--- WHAT THE TASK ASKS ---
Repeat exactly the line that contains "महाकाल मंदिर में" and every line after it, down to the last line of the entries below. Do not include pictures.
_____
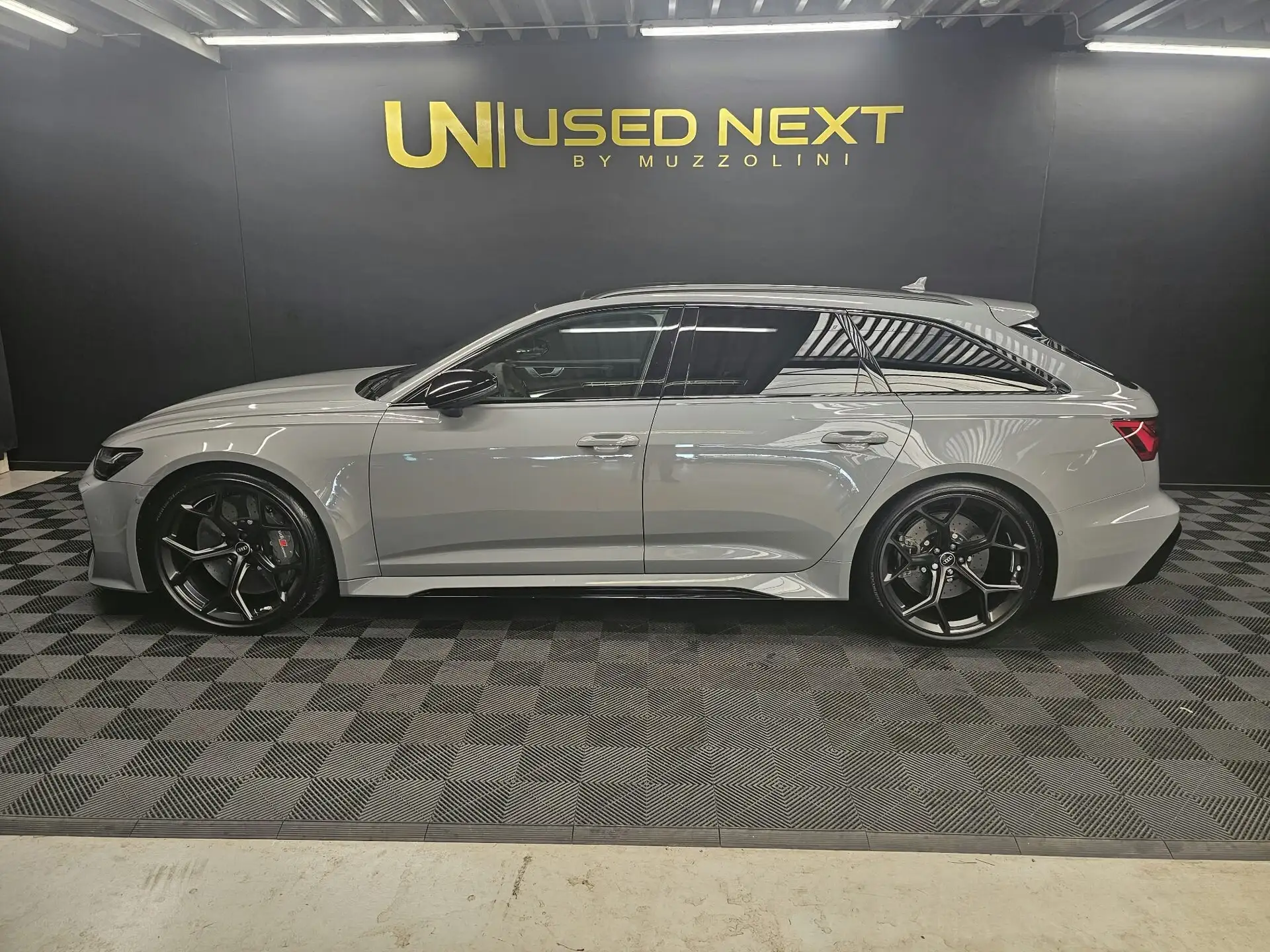 Audi RS6 4.0 TFSI 2024 화이트 사진 4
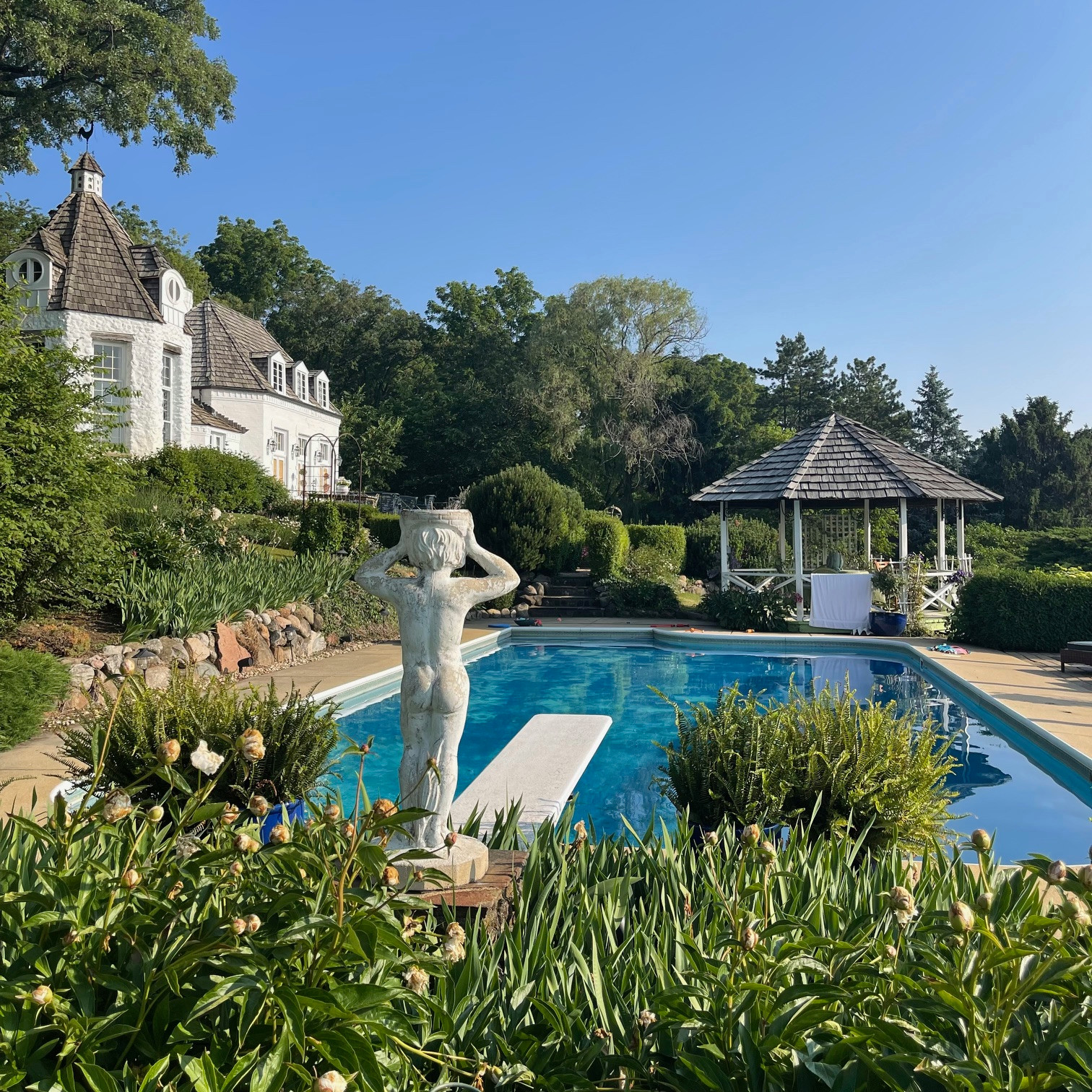 pool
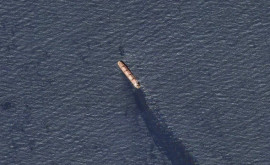 Вокруг британского судна в Красном море образовалось нефтяное пятно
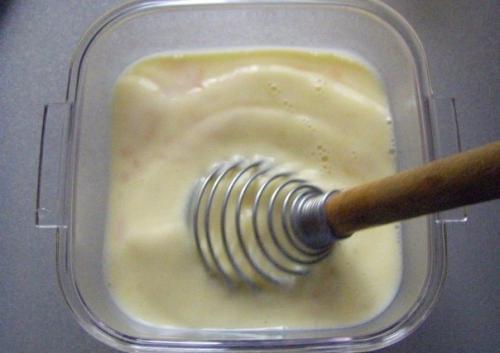 Пышный омлет.  Ингредиенты: 03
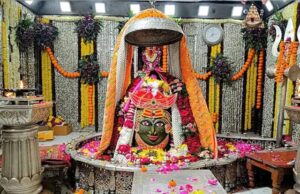महाकाल मंदिर में 20 साल बाद बदलाव, गर्भगृह में लगे 25 किलो चांदी के नए द्वार, उकेरी गईं आकर्षक आकृतियां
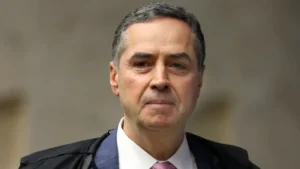 Barroso anuncia aposentadoria do STF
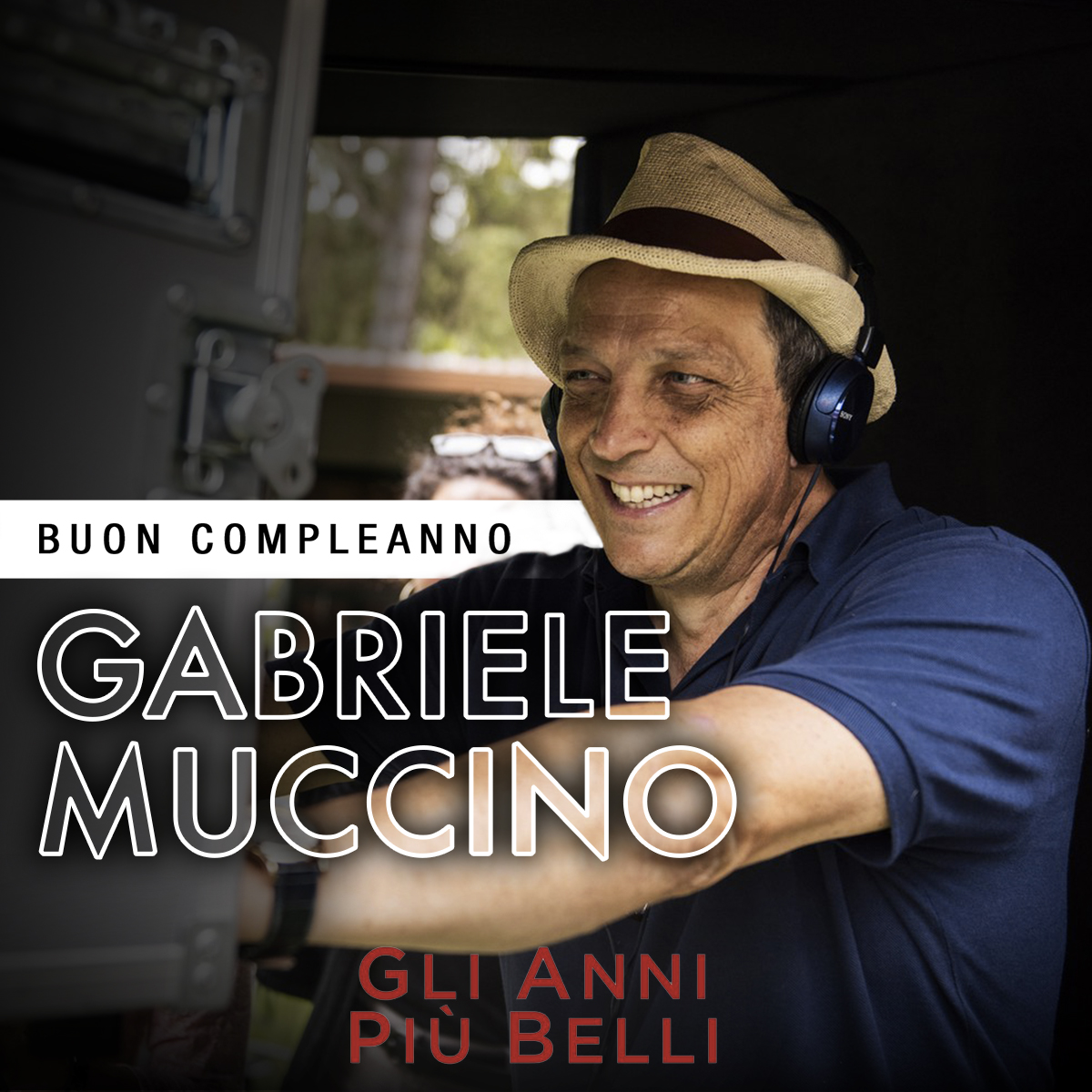 01Distribution's tweet photo. Tanti auguri #GabrieleMuccino! 🎂I suoi lavori appassionano da sempre il pubblico, per quelle storie così reali, fatte di sogni, smarrimento generazionale e ricerca di felicità. Lo ricordiamo in #LEstateAddosso, #ACasaTuttiBene e il più recente successo #GliAnniPiùBelli. Auguri! https://t.co/dZZO121srS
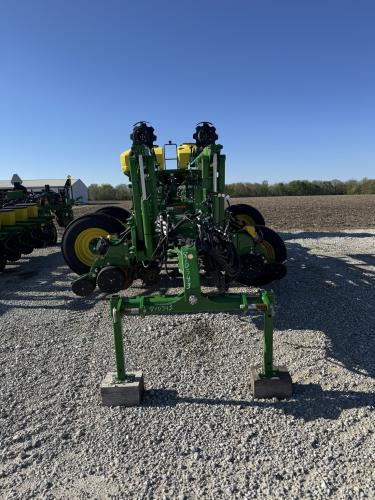 John Deere 1775NT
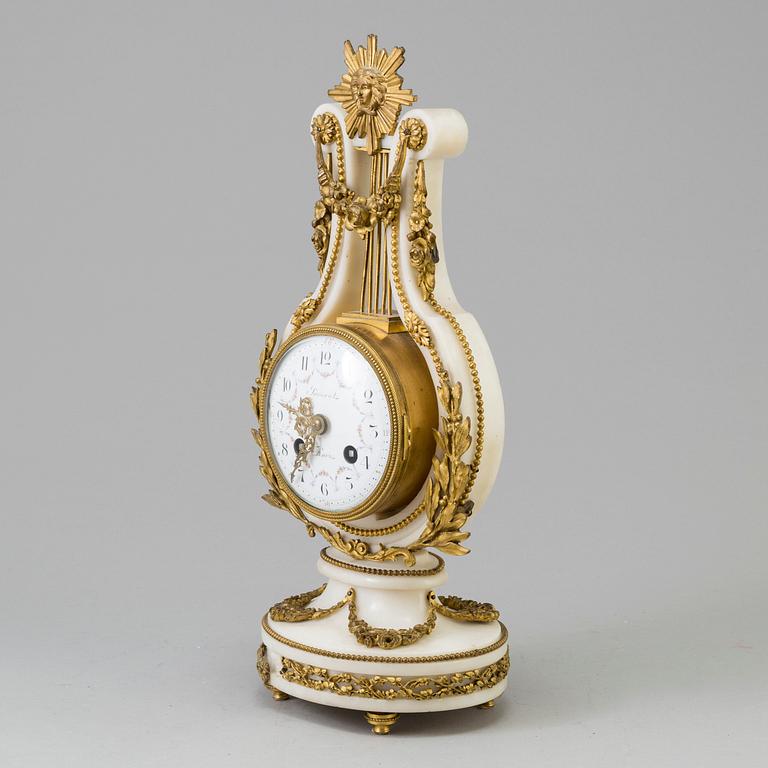 A FRENCH TABLE CLOCK, Louis XVI-style, first half of the 20th century.
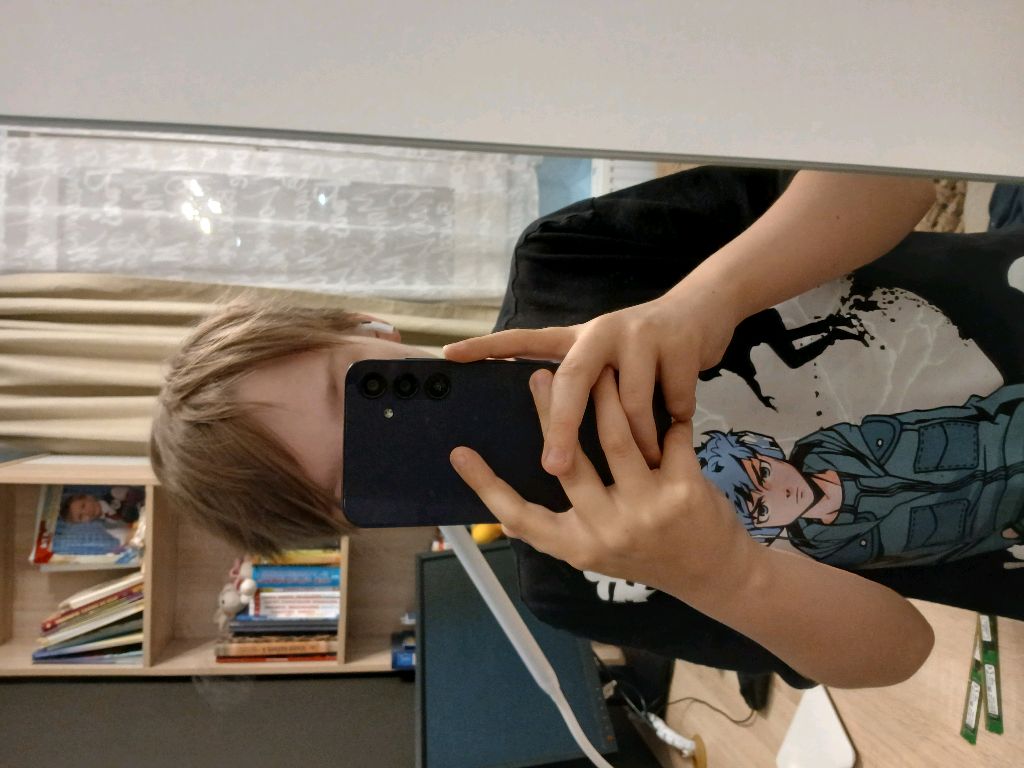 играю в роблокс ????🤔🤔🤔🤔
_____
--- OUTPUT BELOW ---
महाकाल मंदिर में 20 साल बाद बदलाव, गर्भगृह में लगे 25 किलो चांदी के नए द्वार, उकेरी गईं आकर्षक आकृतियां
 Barroso anuncia aposentadoria do STF
 01Distribution's tweet photo. Tanti auguri #GabrieleMuccino! 🎂I suoi lavori appassionano da sempre il pubblico, per quelle storie così reali, fatte di sogni, smarrimento generazionale e ricerca di felicità. Lo ricordiamo in #LEstateAddosso, #ACasaTuttiBene e il più recente successo #GliAnniPiùBelli. Auguri! https://t.co/dZZO121srS
 John Deere 1775NT
 A FRENCH TABLE CLOCK, Louis XVI-style, first half of the 20th century.
 играю в роблокс ????🤔🤔🤔🤔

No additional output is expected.